▸ **Exercise objective**
Return the records word for word. Pictures do not belong in the copy.
++++++++
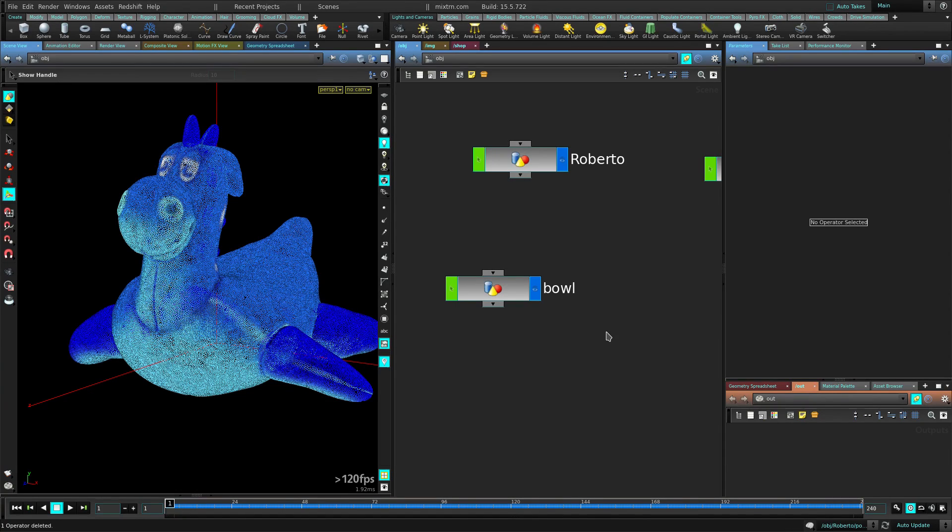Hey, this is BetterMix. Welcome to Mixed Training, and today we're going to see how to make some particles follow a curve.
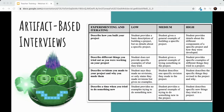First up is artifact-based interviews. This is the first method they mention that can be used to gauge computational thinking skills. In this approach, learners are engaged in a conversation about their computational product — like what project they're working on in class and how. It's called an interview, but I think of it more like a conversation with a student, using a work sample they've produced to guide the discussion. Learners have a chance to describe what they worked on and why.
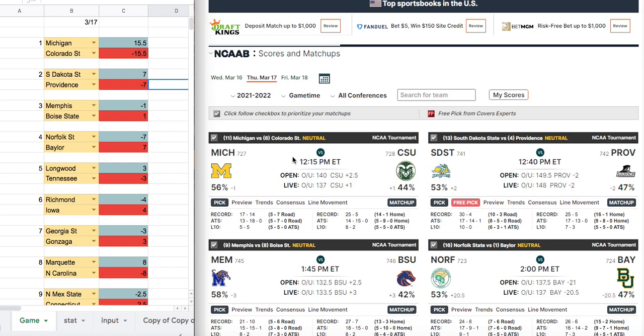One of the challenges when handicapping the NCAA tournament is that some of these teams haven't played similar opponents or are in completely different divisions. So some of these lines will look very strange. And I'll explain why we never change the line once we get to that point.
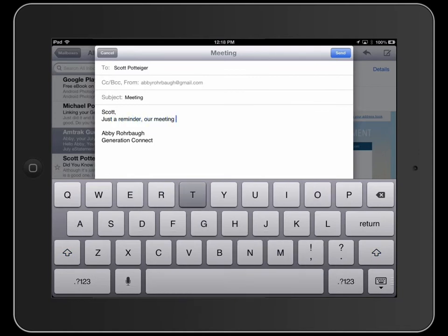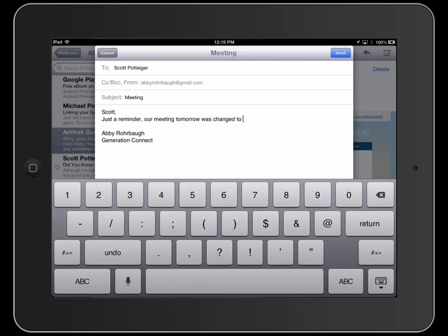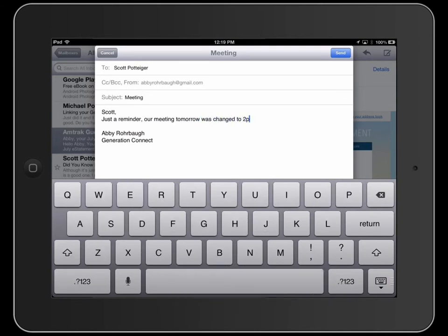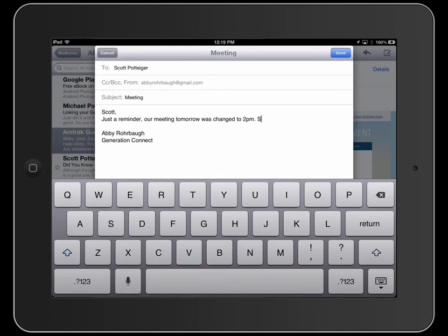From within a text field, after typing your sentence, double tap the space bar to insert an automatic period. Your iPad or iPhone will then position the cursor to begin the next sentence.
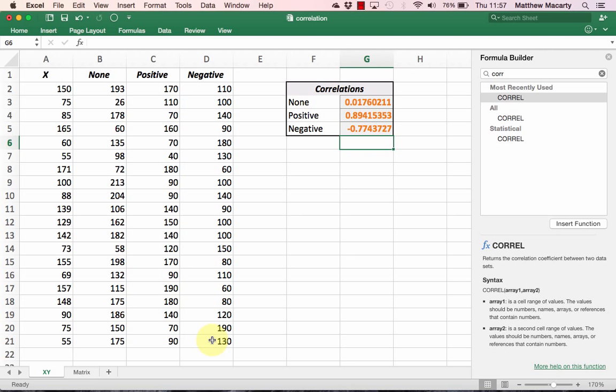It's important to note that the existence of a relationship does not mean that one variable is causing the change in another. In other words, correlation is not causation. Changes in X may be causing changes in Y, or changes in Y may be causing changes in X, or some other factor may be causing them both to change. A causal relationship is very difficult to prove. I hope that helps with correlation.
++++++++
▸ **Task answer**
Hey, this is BetterMix. Welcome to Mixed Training, and today we're going to see how to make some particles follow a curve.
First up is artifact-based interviews. This is the first method they mention that can be used to gauge computational thinking skills. In this approach, learners are engaged in a conversation about their computational product — like what project they're working on in class and how. It's called an interview, but I think of it more like a conversation with a student, using a work sample they've produced to guide the discussion. Learners have a chance to describe what they worked on and why.
One of the challenges when handicapping the NCAA tournament is that some of these teams haven't played similar opponents or are in completely different divisions. So some of these lines will look very strange. And I'll explain why we never change the line once we get to that point.
From within a text field, after typing your sentence, double tap the space bar to insert an automatic period. Your iPad or iPhone will then position the cursor to begin the next sentence.
It's important to note that the existence of a relationship does not mean that one variable is causing the change in another. In other words, correlation is not causation. Changes in X may be causing changes in Y, or changes in Y may be causing changes in X, or some other factor may be causing them both to change. A causal relationship is very difficult to prove. I hope that helps with correlation.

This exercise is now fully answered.